Foto: dok. Tim KKN IK IAIN Kudus Desa Babalan |
Desa di pesisir
pulau Jawa ini memiliki populasi penduduk sekitar 7.000 jiwa. Yang mayorias
beragama Islam dan banyak yang memanfaatkan kekayaan laut untuk keseharian,
banyak hal yang dapat ditemui di desa kecil yang agamis ini, budaya lokal dan
islam menyatu dengan baik dan berjalan selaras harmonis. Banyak sudut - sudut
yang tidak di lihat oleh netra para pelancong, bagian wilayah yang sederhana
namun khas dengan beragam budaya dan olahan maupun hasil bumi Babalan. Terbagi
menjadi beberapa bagian dengan julukan Kampung Kongsi, Kampung Thailand,
Kampung Bom, dan beberapa wilayah lainnya yang masih menyatu dalam lingkup Desa
Babalan.
Selasa,
14/09/2021 di pagi hari yang sejuk, dengan semburat matahari dari ufuk timur terlihat
para perahu berlayar di atas limpahan air yang penuh dengan harga yang nantinya
didapat untuk menyambung hidup. Para nelayan kecil mendayung dengan otomotifnya
atau melalui tenaga manual para tangguh yang menaikinya. Ikan - ikan meloncat
di tengah aliran air yang tentu saja menyejukkan mata yang memandang. Tak kalah
dari para ikan, udang, kerang, kepiting, cumi – cumi , dan hamparan garapan
garam akan tetap menjadi primadona setiap pelancong atau penduduk lokal yang
ingin menikmati khas nya Desa kecil yang menyimpan mutiara ini.
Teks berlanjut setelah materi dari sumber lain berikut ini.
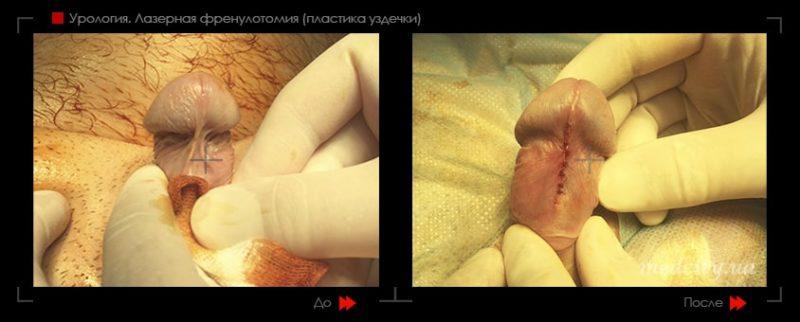 Результат до и после френулопластики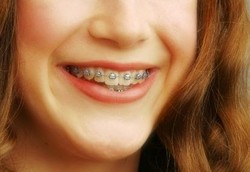 Kalau Cuma Aksesoris, Tukang Gigi Pasang Behel Tak Masalah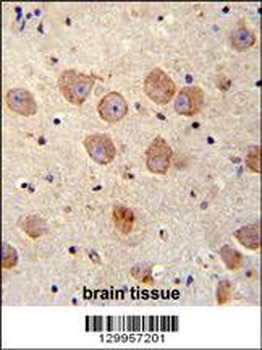 FUSSEL18 Antibody
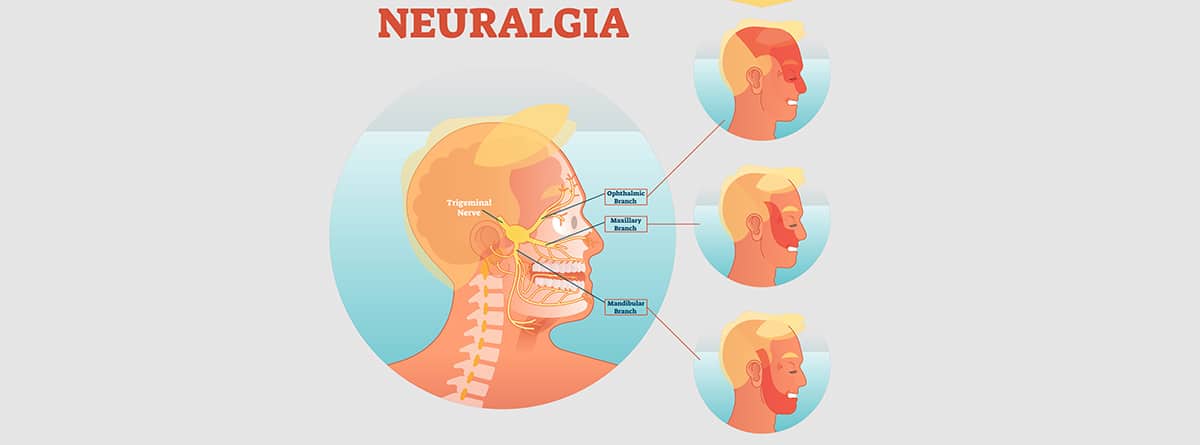 anatomía de sección transversal médica de neuralgia del trigémino con red neuronal facial y áreas de dolor.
Rumah – rumah
sederhana dengan arsitektur yang khas pesisir berjajar sepanjang jalan dan gang
yang ditemui para pengguna jalan, jembatan – jembatan kecil penghubung menjadi
persinggahan para pemancing dan anak – anak yang riang berlarian. Tambak –
tambak yang luas terisikan oleh harapan para pemilik yang kemudian dipanen
berupa hasil laut ataupun garam. Sepi dipandang namun ramai ketika mendalam,
mutiara – mutiara yang ada tetap menjadi penyambung keberlangsungan kehidupan masyarakat
Babalan.
Esok hari jajan
– jajan khasnya seperti horog – horog, srondeng, urap tewel, dan jajanan khas
lainnya yang terjual dengan berjajar di atas meja, pasar kecil tetap ramai di
kunjungi setiap warga. Para pelancong, para juragan, para agen, dan para
pencari nafkah lainnya mulai beraktivitas dan berlalu lalang disetiap sudut
jalan. Semangat adik kecil yang tertawa renyah mulai mengayuh sepeda atau
dengan kaki kecilnya yang berjalan menuju tempat menimba ilmu. Tak ada yang lepas
dari pemandangan desa dengan keadaan yang pasti kurang lebih menyimpan mutiara
yang nantinya di olah menjadi bentuk yang dibayar dengan harga yang sesuai.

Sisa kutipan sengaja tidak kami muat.